ACTIVITY: With the pictures left out, reproduce exactly the lines running from the line with "The page houses" to the last line of the material below.

DATA:

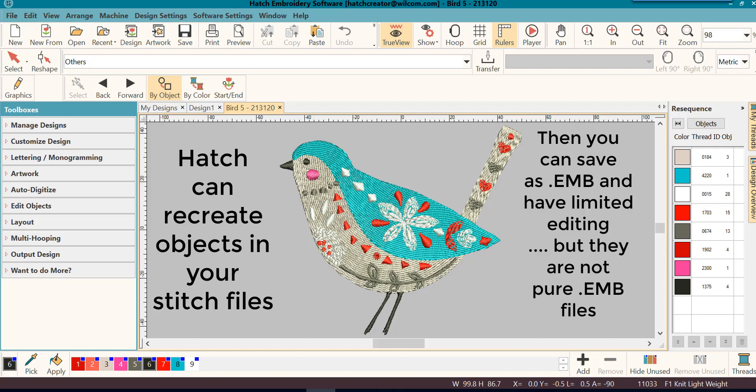So while it cannot recreate all the properties exactly like the design was originally digitized, it does a really good job recreating objects, which allows you to edit these files in Hatch and do some resizing.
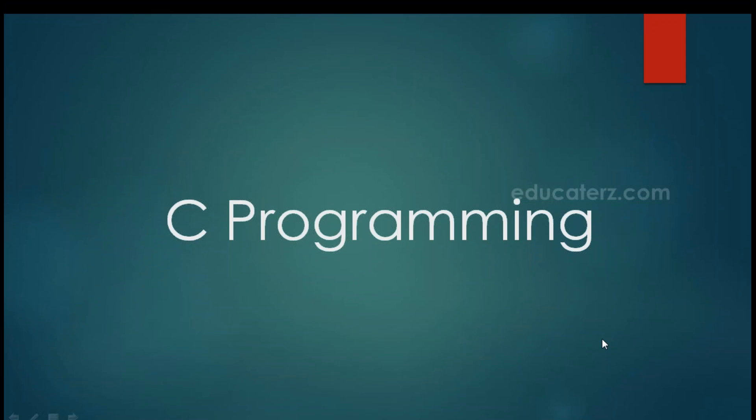Hello friends, welcome to educators.com. I am Preeti Radhi. I have 10 years of experience in development as well as in training. I will be teaching you the C programming. So let's begin the course.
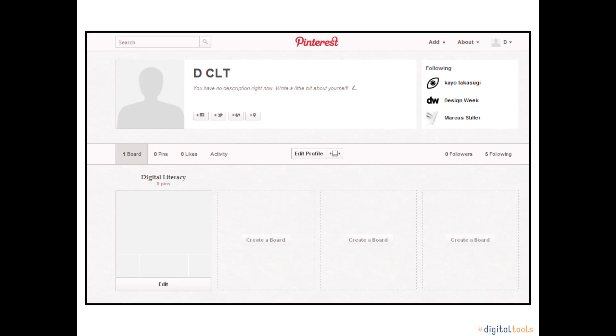The page houses your pins and what you have found of interest. If people follow you, then they will see your boards and pins here. Have fun searching Pinterest and being inspired by others. Happy pinning!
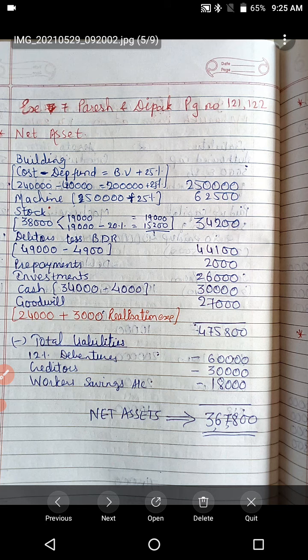Let us read the question. The balance sheet of Paresh and Deepak is as under — capitals, profit and loss account, 12% deposits, creditors, workers savings account, bills payable, workers accident fund, depreciation fund on one side; goodwill, building, machinery, stock, debtors, prepayments, investment, and cash on the asset side. Shruti Limited was incorporated to take over the above business. Its authorized capital is 5,000 equity shares of rupees 100 each.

EXPECTED ANSWER:
The page houses your pins and what you have found of interest. If people follow you, then they will see your boards and pins here. Have fun searching Pinterest and being inspired by others. Happy pinning!
Let us read the question. The balance sheet of Paresh and Deepak is as under — capitals, profit and loss account, 12% deposits, creditors, workers savings account, bills payable, workers accident fund, depreciation fund on one side; goodwill, building, machinery, stock, debtors, prepayments, investment, and cash on the asset side. Shruti Limited was incorporated to take over the above business. Its authorized capital is 5,000 equity shares of rupees 100 each.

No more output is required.